→ **Task input**
>>>>

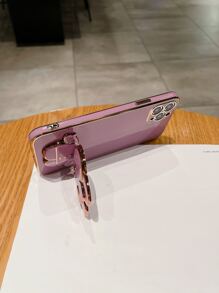 Pink Apple Bunny Cute Stuff 1pc Cartoon Rabbit Electroplated Tpu Mirror Stand Phone Case Compatible With IPhone 15/15Pro/15Plus/15Promax Kawaii Waterproof Shockproof Anti-Fall Scratch Resistant - Purple - View 2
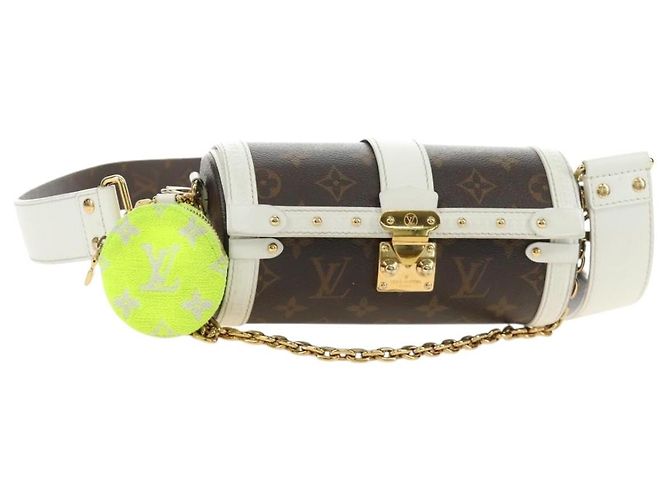 LOUIS VUITTON Bolsa de Ombro Baú Monogram Papillon Branco M81485 LV Auth 184393SM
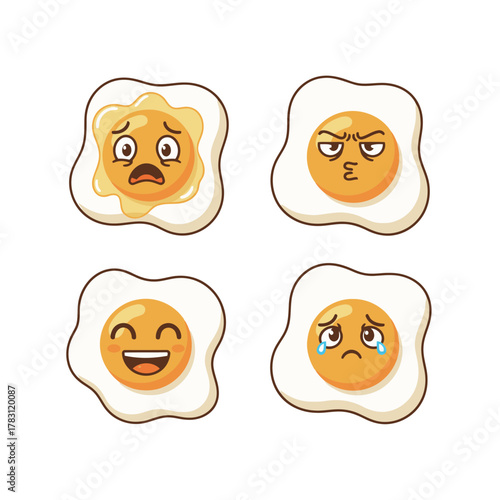 Set of Fried Egg Cartoon Characters with Various Breakfast Emotions: Anxious Fear, Angry Pout, Laughing Joy, and Crying Sadness, Vector Food Icons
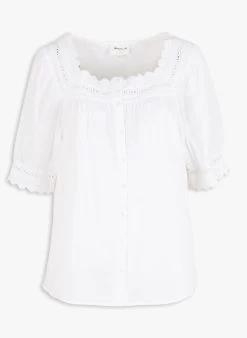 MAISON 123 THAMILA - Katoenen Top Met Vierkante Hals | Wit -Chic Verkoop 4210446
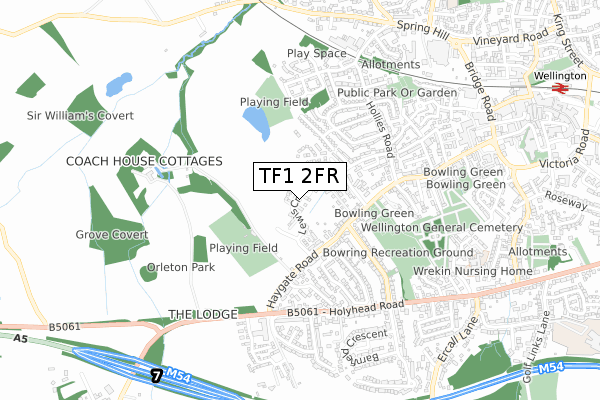 TF1 2FR map - small scale - OS Open Zoomstack (Ordnance Survey)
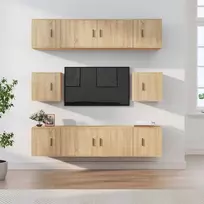 TV staliukas Televizoriaus spintelių komplektas, 8 dalių, ąžuolo, mediena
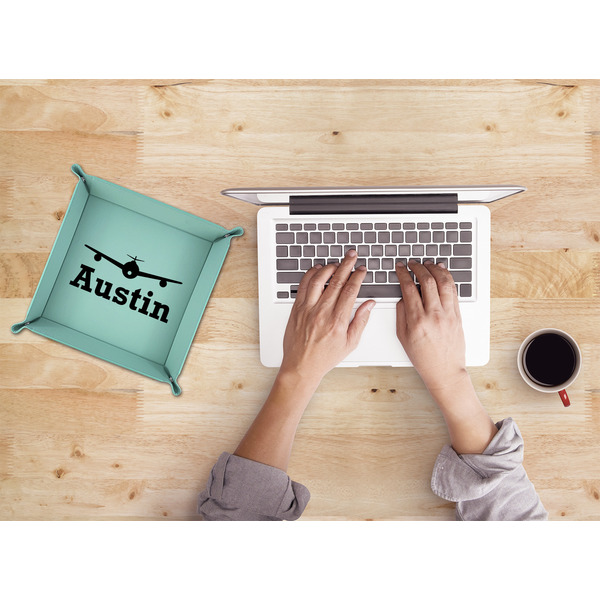 Airplane Theme 9" x 9" Teal Leatherette Snap Up Tray - LIFESTYLE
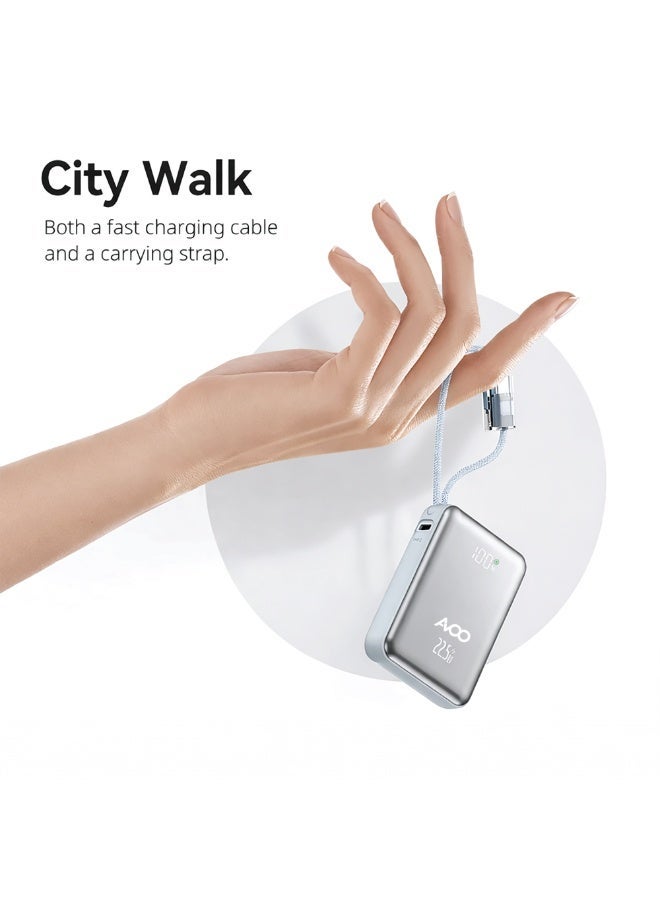 AVOO Power Bank Portable Charger, Compact & Lightweight 10000mAh, 22.5W PD Fast Charging with Dual Built-in Cables – Elegant Silver Portable Battery for iPhone, Samsung & Android Devices - Image 3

<<<<

→ **Task description**
This exercise needs every entry retyped exactly, with the pictures removed.

→ **Solution**
 Pink Apple Bunny Cute Stuff 1pc Cartoon Rabbit Electroplated Tpu Mirror Stand Phone Case Compatible With IPhone 15/15Pro/15Plus/15Promax Kawaii Waterproof Shockproof Anti-Fall Scratch Resistant - Purple - View 2
 LOUIS VUITTON Bolsa de Ombro Baú Monogram Papillon Branco M81485 LV Auth 184393SM
 Set of Fried Egg Cartoon Characters with Various Breakfast Emotions: Anxious Fear, Angry Pout, Laughing Joy, and Crying Sadness, Vector Food Icons
 MAISON 123 THAMILA - Katoenen Top Met Vierkante Hals | Wit -Chic Verkoop 4210446
 TF1 2FR map - small scale - OS Open Zoomstack (Ordnance Survey)
 TV staliukas Televizoriaus spintelių komplektas, 8 dalių, ąžuolo, mediena
 Airplane Theme 9" x 9" Teal Leatherette Snap Up Tray - LIFESTYLE
 AVOO Power Bank Portable Charger, Compact & Lightweight 10000mAh, 22.5W PD Fast Charging with Dual Built-in Cables – Elegant Silver Portable Battery for iPhone, Samsung & Android Devices - Image 3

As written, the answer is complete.